Reputation: 86
I've been trying to re-implement some existing vector and matrix classes to use SSE3 commands, and I seem to be running into these "memory access violation" errors whenever I perform a series of operations on an array of vectors. I'm relatively new to SSE, so I've been starting off simple. Here's the entirety of my vector class:
class SSEVector3D
{
public:
SSEVector3D();
SSEVector3D(float x, float y, float z);
SSEVector3D& operator+=(const SSEVector3D& rhs); //< Elementwise Addition
float x() const;
float y() const;
float z() const;
private:
float m_coords[3] __attribute__ ((aligned (16))); //< The x, y and z coordinates
};
So, not a whole lot going on yet, just some constructors, accessors, and one operation. Using my (admittedly limited) knowledge of SSE, I implemented the addition operation as follows:
SSEVector3D& SSEVector3D::operator+=(const SSEVector3D& rhs)
{
__m128 * pLhs = (__m128 *) m_coords;
__m128 * pRhs = (__m128 *) rhs.m_coords;
*pLhs = _mm_add_ps(*pLhs, *pRhs);
return (*this);
}
To speed-test my new vector class against the old one (to see if it's worth re-implementing the whole thing), I created a simple program that generates a random array of SSEVector3D objects and adds them together. Nothing too complicated:
SSEVector3D sseSum(0, 0, 0);
for(i=0; i<sseVectors.size(); i++)
{
sseSum += sseVectors[i];
}
printf("Total: %f %f %f\n", sseSum.x(), sseSum.y(), sseSum.z());
The sseVectors
variable is an std::vector containing elements of type SSEVector3D
, whose components are all initialized to random numbers between -1
and 1
.
Here's the issue I'm having. If the size of sseVectors
is 8,191
or less (a number I arrived at through a lot of trial and error), this runs fine. If the size is 8,192
or more, I get this error when I try to run it:
signal: SIGSEGV, si_code: 0 (memory access violation at address: 0x00000080)

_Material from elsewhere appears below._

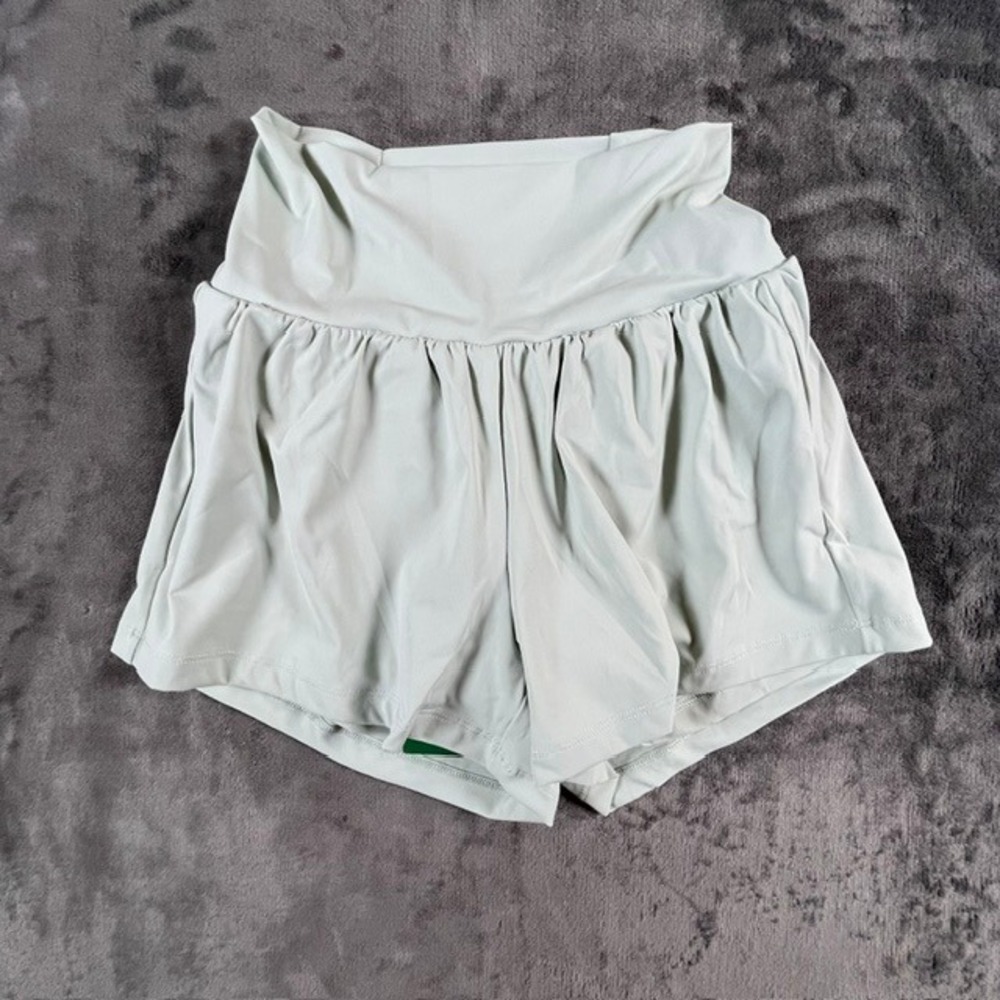 Halara SoftlyZero Airy Super High Waisted 2-in-1 Yoga Shorts Light Bean Green S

However, if I comment out that print statement at the end, I get no error even if sseVectors
has a size of 8,192 or more.
Is there something wrong with the way I've written this vector class? I'm running Ubuntu 12.04.1 with GCC version 4.6
Upvotes: 3
Views: 1038
Reputation: 18233
The trick is to notice that __m128
is 16 byte aligned. Use _malloc_aligned()
to assure that your float array is correctly aligned, then you can go ahead and cast your float to an array of __m128
. Make sure also that the number of floats you allocate is divisible by four.
Upvotes: 0
Reputation: 8356
First, and foremost, don't do this
__m128 * pLhs = (__m128 *) m_coords;
__m128 * pRhs = (__m128 *) rhs.m_coords;
*pLhs = _mm_add_ps(*pLhs, *pRhs);
With SSE, always do your loads and stores explicitly via the appropriate intrinsics, never by just dereferencing. Instead of storing an array of 3 floats in your class, store a value of type _m128
. That should make the compiler align instances of your class correctly, without any need for align
attributes.
Note, however, that this won't work very well with MSVC. MSVC seems to generally be unable to cope with alignment requirements stronger than 8-byte aligned for by-value arguments :-(. The last time I needed to port SSE code to windows, my solution was to use Intel's C++ compiler for the SSE parts instead of MSVC...
Upvotes: 1